• DATA UNDER STUDY
::::

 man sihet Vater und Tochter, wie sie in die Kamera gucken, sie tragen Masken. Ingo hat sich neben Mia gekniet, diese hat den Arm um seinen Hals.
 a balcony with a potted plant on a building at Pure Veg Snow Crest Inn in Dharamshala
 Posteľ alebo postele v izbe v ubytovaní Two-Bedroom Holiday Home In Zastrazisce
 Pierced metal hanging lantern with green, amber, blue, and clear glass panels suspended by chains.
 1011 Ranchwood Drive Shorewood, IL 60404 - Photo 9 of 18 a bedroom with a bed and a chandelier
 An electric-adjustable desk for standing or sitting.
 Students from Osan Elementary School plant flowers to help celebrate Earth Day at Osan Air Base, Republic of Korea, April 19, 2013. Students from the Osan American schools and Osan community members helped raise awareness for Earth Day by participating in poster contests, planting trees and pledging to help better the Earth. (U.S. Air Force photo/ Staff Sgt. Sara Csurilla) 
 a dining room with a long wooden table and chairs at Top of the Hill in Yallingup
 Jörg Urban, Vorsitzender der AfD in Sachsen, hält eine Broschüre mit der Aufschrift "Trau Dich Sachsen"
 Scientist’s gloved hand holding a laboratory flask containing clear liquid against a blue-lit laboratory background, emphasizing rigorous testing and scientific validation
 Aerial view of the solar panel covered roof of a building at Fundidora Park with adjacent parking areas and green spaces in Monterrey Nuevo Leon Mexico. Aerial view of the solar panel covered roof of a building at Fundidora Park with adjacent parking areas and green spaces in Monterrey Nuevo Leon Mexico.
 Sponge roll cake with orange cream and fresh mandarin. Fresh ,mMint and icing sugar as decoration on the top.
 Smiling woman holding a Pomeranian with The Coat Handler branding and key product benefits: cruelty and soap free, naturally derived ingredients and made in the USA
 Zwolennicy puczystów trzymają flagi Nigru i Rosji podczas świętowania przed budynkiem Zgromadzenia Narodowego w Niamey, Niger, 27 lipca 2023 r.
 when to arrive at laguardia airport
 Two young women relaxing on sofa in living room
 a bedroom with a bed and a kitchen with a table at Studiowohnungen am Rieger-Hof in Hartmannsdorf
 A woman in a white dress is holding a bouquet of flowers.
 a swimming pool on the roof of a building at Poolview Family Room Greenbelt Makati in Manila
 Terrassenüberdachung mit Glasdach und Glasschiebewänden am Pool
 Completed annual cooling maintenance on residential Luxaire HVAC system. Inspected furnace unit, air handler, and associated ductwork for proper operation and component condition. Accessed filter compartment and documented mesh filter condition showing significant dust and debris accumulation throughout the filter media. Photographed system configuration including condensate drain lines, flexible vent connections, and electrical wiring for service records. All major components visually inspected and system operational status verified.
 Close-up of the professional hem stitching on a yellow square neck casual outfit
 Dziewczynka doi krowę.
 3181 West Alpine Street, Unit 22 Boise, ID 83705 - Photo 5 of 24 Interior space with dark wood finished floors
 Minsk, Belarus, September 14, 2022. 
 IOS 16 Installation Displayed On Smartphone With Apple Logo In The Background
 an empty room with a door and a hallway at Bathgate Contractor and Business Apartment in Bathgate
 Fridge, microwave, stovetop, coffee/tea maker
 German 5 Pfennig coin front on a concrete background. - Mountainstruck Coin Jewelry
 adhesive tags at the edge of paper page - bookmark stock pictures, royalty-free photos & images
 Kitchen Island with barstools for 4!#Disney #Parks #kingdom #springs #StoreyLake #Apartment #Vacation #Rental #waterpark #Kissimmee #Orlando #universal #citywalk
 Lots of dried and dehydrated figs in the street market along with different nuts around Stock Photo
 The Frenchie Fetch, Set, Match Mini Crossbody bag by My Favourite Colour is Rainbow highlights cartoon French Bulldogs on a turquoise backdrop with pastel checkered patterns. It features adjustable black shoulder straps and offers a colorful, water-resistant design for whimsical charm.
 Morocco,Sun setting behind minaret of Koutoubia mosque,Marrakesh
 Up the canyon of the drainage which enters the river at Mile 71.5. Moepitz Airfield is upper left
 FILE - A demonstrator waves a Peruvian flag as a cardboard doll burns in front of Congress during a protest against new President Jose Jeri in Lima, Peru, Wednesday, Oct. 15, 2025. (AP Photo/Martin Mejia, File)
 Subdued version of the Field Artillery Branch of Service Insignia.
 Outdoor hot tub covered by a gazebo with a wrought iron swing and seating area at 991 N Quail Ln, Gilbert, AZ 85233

::::

• EXERCISE DESCRIPTION
Above are the records; print exactly the lines from the line with "Zwolennicy puczystów trzymają" to the line with "A woman in a", including both, and nothing else.

• EXPECTED ANSWER
 Zwolennicy puczystów trzymają flagi Nigru i Rosji podczas świętowania przed budynkiem Zgromadzenia Narodowego w Niamey, Niger, 27 lipca 2023 r.
 when to arrive at laguardia airport
 Two young women relaxing on sofa in living room
 a bedroom with a bed and a kitchen with a table at Studiowohnungen am Rieger-Hof in Hartmannsdorf
 A woman in a white dress is holding a bouquet of flowers.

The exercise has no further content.